Lundi 10 juillet
N’est-il pas vain, de nos jours, de vouloir créer des œuvres littéraires qui survivent à celleux qui les ont enfantées ? Les gouts des lecteurices sont capricieux, ce qui plait aujourd’hui sera dénigré demain. Tout semble s’accélérer, et la crise climatique est déjà sur nous : existera-t-il seulement des lecteurices dans cent ou deux-cents ans ?
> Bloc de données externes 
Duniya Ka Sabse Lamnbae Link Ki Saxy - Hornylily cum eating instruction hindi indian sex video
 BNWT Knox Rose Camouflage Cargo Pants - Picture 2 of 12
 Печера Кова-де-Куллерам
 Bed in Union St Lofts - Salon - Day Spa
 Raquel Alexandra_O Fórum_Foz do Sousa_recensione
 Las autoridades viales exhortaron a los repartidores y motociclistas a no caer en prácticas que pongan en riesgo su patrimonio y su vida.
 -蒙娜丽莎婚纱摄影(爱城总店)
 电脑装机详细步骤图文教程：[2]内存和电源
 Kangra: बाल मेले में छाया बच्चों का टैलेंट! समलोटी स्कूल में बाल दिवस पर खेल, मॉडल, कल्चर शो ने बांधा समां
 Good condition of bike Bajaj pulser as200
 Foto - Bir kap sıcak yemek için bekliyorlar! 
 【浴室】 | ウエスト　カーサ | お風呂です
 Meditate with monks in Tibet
Nous écrivons tellement de romans, de nouvelles et de textes en tous genres que ce n’est pas dans une bibliothèque, mais dans une décharge, que les lecteurices de demain (des IAs formées aux langues « anciennes » ?) devront se rendre pour lire notre production pantagruélique.
Mardi 11 juillet
Dans sa Masterclasse, l’écrivain Xavier Mauméjean explique sa manière d’écrire un roman :
« Je ne procède pas par journées, j’ai le sentiment que ma manière de travailler est une manière picturale. Toutes proportions gardées évidemment, je compare ça au travail de Jackson Pollock ; je crée, mettons, deux-cents fichiers et au fil de mes recherches, je diffuse l’information dans les fichiers, mais sans me soucier de l’intrigue, sans me soucier de la narration, et petit à petit, vont se détacher des éléments. Quand les fichiers sont ouverts, c’est visuel. C’est une approche formelle, classique qui fait que je n’écris jamais dans la continuité, j’écris souvent la première phrase et la dernière phrase, mon point de départ et mon point d’arrivée et ensuite, ça dépend de la richesse de la documentation, de l’envie du moment, je peux aussi écrire le chapitre 24 et ensuite, le chapitre 3. Je ne relis pas, je quitte le chapitre et il est écrit. Je ne lisse pratiquement pas. D’ailleurs, j’aime bien dire “Il ne me reste plus qu’à rédiger”, parce que c’est vrai. Pendant des mois, j’ai la représentation visuelle des chapitres et je pioche. Le style lui-même est justifié par le projet, j’essaie de n’avoir jamais le même style selon les romans (…) »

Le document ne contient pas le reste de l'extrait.